Electric truck manufacturer Workhorse Group announced on Sept. 18 that it had engaged investment bank B. Riley FBR to sell its SureFly operating unit, which is developing its hybrid-electric SureFly eVTOL. “Now that SureFly is doing hover test flights and has entered into the Type Certification Process with the FAA, we believe it is the ideal time to find a suitable partner or buyer that wishes to lead the eVTOL race,” stated Stephen Burns, CEO of Workhorse. “Finding a suitable partner for SureFly will enable Workhorse to continue focusing on its N-GEN electric delivery truck platform as well as our W-15 Electric Pickup Truck.”

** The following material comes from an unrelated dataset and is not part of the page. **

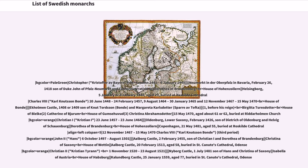Christopher: reigned Autumn 1441 to January 6, 1448. Born in Neumarkt in der Oberpfalz, Bavaria, February 26, 1418. Son of Duke John of Pfalz-Neumarkt and Catherine of Pomerania. Spouse: Dorothea of Brandenburg, House of Hohenzollern. Died Helsingborg, January 5 or 6, 1448, aged 29. Buried at Roskilde Cathedral.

  1. Workhorse is selling Surefly because they are REQUIRED to sell it under the terms of a Loan Agreement with Arosa Capital. The Covenents of the Loan (which securitizes every single crumb of Workhorse property, including IP) includes a requirement to sell the Surefly business for at least $20M by January 6 2019 or face Default.

    What you guys should be asking is: why the original Surefly Note holders demanded repayment in cash for the $5.75M note rather than convert to shares. Really: they could have owned a majority of the Surefly venture for a mere $5M (the $750k was interest for six months) but insisted on repayment the day it was due.

    So what is Surefly really worth?
    After you rip out all the reusable hardware and put it on E-bay, you probably wouldn’t have to spend too much to have somebody pick up and dispose of the carcass. Net, I’m thinkin’ $20k. What’s three orders of magnitude between pals?

    1. This is a pretty harsh viewpoint. Can you provide evidence of these statements?